COMMISSIONER OF INCOME-TAX

Tax Case No.559 and Reference No.299 of 1983, decided on 12/03/1996.

(a) Income-tax---

----Business expenditure ---Dissallowance of expenditure---Rent-free accommodation to employee---Actual amount paid by employer must be disallowed---Indian Income Tax Act, 1961, Ss.40(c) & 40-A(5).

Actual amount paid by way of house rent allowance is assessable in the hands of the employer under sections 40(c) and 40-A(5) of the Indian Income Tax Act, 1961. '

(b) Income-tax---

----Special deduction---Expenditure incurred in respect of proceedings before Income-tax Authorities or Appellate Authority---Ceding for special deduction--Computation of such expenditure---Fees for preparation of statements and schedules annexed to return must be taken into account--Indian Income Tax Act, 1961, S.80-VV.

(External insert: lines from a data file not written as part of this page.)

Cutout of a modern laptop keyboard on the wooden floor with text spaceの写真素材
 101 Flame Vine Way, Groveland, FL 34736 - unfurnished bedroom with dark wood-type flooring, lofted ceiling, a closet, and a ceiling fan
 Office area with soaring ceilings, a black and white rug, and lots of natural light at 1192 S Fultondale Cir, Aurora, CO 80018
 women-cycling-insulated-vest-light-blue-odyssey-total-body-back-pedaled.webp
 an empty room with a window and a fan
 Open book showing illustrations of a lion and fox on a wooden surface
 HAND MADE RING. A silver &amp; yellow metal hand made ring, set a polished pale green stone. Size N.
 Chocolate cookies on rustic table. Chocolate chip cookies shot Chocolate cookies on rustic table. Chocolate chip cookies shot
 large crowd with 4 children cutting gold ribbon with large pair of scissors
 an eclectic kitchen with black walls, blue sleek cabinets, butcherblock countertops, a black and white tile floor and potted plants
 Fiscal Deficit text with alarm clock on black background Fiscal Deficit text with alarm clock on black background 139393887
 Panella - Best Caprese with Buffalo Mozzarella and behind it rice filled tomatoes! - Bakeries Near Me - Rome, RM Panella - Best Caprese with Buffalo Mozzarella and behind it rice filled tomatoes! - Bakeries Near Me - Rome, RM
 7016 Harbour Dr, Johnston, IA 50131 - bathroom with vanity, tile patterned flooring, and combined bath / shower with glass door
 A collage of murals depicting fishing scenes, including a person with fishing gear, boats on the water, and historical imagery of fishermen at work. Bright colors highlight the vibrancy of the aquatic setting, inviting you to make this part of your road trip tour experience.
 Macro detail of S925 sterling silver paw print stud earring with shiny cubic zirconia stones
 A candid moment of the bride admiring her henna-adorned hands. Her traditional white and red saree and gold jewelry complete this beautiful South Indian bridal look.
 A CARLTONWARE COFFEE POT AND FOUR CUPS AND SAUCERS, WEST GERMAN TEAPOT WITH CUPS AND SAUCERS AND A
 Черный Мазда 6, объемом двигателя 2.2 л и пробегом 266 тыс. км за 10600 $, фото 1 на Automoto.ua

Provisions of section 80-VV restricting the allowance toy Rs.5,000 would be applicable even for fees paid for preparation of statements and schedules annexed to the income-tax returns, since the expenditure was incurred in a proceeding before the income-tax Authority. Inasmuch as even according to the assessee, Rs.4,250, was incurred in the previous year; it could be allowable only in the assessment year under consideration to the extent of Rs.5,000.

CIT v. Britannia Industries Co. Ltd. (1982) 135 ITR 35 (Cal.) and CIT v. Ramakrishnan (P.R.) (1980) 124 ITR 545 (Mad.) ref.

(c) Income-tax---

----Business expenditure---Surtax is not deductible---Indian Income Tax Act, 1961, S.37.

Surtax is not deductible in computing the total income of the assessee.

Sundaram Industries Ltd. v. CIT (1986) 159 ITR 646 (Mad.) fol.

P.P.S. Janarthana Raja for Subbaraya Aiyar, Padmanabhan and Ramamani for the Assessee.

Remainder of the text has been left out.